William Hope (born March 2, 1955) is a Canadian actor.

Career
Most of Hope's stage work has been leading roles in a wide variety of regional, touring and West End theatres in England.

Early on, he turned down a major role in Kubrick's Full Metal Jacket for a lead role in James Cameron's Aliens (1986) as Lt. Gorman, for which he began to receive recognition. Soon after he appeared as Kyle MacRae in the horror film Hellbound: Hellraiser II (1988), the sequel to Clive Barker's Hellraiser (1987).

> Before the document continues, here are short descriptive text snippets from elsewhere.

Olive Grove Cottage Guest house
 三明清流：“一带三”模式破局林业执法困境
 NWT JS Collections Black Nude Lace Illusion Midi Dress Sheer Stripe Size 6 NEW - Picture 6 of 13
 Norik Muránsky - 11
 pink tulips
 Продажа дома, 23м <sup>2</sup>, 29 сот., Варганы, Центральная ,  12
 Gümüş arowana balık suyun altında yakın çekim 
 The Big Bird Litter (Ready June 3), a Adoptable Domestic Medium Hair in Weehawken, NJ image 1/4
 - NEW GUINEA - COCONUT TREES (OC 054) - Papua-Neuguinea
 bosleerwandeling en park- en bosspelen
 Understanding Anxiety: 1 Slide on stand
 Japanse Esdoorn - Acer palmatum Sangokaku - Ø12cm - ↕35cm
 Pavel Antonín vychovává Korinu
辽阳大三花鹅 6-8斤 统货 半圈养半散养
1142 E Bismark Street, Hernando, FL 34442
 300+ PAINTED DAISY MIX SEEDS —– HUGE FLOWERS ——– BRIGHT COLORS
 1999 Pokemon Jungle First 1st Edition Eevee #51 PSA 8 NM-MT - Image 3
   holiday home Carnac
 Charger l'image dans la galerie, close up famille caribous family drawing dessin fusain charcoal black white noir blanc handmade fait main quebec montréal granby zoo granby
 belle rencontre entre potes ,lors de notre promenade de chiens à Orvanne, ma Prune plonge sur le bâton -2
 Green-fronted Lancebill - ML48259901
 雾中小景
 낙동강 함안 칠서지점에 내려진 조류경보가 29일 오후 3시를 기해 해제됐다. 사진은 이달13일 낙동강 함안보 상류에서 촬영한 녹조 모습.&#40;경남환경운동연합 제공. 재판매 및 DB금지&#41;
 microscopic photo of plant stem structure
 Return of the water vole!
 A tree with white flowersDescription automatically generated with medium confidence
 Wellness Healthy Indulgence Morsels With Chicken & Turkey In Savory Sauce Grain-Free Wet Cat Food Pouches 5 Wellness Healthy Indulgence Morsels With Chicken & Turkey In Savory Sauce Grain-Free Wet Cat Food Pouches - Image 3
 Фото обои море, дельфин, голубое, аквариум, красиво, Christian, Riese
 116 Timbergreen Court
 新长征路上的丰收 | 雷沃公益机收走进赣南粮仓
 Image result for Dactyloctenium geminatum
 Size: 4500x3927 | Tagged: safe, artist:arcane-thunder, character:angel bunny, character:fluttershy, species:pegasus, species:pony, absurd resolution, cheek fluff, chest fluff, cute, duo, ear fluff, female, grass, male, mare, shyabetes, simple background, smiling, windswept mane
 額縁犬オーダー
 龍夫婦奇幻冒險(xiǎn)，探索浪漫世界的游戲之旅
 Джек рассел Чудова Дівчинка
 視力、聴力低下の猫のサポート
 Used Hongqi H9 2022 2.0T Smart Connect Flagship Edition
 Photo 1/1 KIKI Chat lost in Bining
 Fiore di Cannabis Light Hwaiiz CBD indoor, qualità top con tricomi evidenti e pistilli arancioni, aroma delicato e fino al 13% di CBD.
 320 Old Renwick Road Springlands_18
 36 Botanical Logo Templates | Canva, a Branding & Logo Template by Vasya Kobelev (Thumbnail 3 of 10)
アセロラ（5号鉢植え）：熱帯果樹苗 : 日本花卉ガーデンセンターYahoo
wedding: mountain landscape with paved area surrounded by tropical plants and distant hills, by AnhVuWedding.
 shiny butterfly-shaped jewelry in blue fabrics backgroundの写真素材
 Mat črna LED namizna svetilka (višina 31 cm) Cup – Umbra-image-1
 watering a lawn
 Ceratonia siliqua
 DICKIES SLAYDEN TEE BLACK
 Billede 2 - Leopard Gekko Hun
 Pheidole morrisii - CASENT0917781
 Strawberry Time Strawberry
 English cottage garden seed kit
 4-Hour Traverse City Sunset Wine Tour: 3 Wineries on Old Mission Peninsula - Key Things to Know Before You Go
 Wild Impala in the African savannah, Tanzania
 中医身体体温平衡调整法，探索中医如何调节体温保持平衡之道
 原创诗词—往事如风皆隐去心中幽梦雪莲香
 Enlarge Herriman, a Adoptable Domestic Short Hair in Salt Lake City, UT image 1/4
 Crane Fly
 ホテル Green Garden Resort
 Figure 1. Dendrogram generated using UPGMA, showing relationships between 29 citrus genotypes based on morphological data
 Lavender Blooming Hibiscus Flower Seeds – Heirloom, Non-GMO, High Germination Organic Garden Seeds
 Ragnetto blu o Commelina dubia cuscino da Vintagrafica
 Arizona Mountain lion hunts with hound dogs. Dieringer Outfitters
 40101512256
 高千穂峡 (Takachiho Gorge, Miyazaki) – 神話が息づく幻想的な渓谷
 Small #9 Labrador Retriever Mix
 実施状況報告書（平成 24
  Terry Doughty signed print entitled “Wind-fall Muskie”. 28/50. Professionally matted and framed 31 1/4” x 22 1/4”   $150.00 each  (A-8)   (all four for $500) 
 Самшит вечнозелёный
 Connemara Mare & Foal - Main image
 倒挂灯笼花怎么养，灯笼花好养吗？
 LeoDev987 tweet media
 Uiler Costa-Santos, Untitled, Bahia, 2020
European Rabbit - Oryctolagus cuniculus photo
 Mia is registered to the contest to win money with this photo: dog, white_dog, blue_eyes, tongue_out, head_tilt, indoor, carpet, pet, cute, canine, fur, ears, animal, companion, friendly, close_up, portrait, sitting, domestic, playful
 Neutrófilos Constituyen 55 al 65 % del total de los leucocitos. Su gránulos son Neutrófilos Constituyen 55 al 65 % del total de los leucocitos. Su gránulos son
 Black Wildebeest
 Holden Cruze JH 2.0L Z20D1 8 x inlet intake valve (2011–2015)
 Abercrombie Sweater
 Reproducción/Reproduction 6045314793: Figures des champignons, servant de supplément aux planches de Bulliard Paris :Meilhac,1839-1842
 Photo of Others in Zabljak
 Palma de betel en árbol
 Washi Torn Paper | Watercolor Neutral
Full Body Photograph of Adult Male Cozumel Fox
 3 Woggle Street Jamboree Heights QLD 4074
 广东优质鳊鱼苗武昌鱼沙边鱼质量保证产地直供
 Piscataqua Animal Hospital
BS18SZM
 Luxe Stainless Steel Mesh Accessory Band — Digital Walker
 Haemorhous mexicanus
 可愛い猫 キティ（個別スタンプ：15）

After Hellbound, Hope went on to a number of theatrical films while working a lot on stage and in radio drama. Seen in parts in Shining Through (1992) and The Saint (1997), Sky Captain and the World of Tomorrow (2004) and XXX (2002). He co-starred in two Wesley Snipes' action epics The Marksman (2005) and The Detonator (2006) and as the villain in Steven Seagal's action movie Submerged (2005).

Recently seen on TV as Harry Ramos in the award-winning TV docudrama 9/11: The Twin Towers (2007), and as the President of Lehman Brothers in The Last Days of Lehman Brothers (2009) starring James Cromwell, in theatrical releases he has been seen opposite Woody Harrelson in The Walker (2007), Robert Downey Jr. in Sherlock Holmes (2009), and The Whistleblower (2010) with Rachel Weisz and Legacy with Idris Elba. His most recent television work included playing Matt LeBlanc's agent in Episodes (2011). He was also in Luc Besson's The Lady (2012) about the life of Aung San Suu Kyi and in 2011 he guest-starred in the BBC's final series of Spooks (2002) and alongside Johnny Depp in Tim Burton's Dark Shadows (2012).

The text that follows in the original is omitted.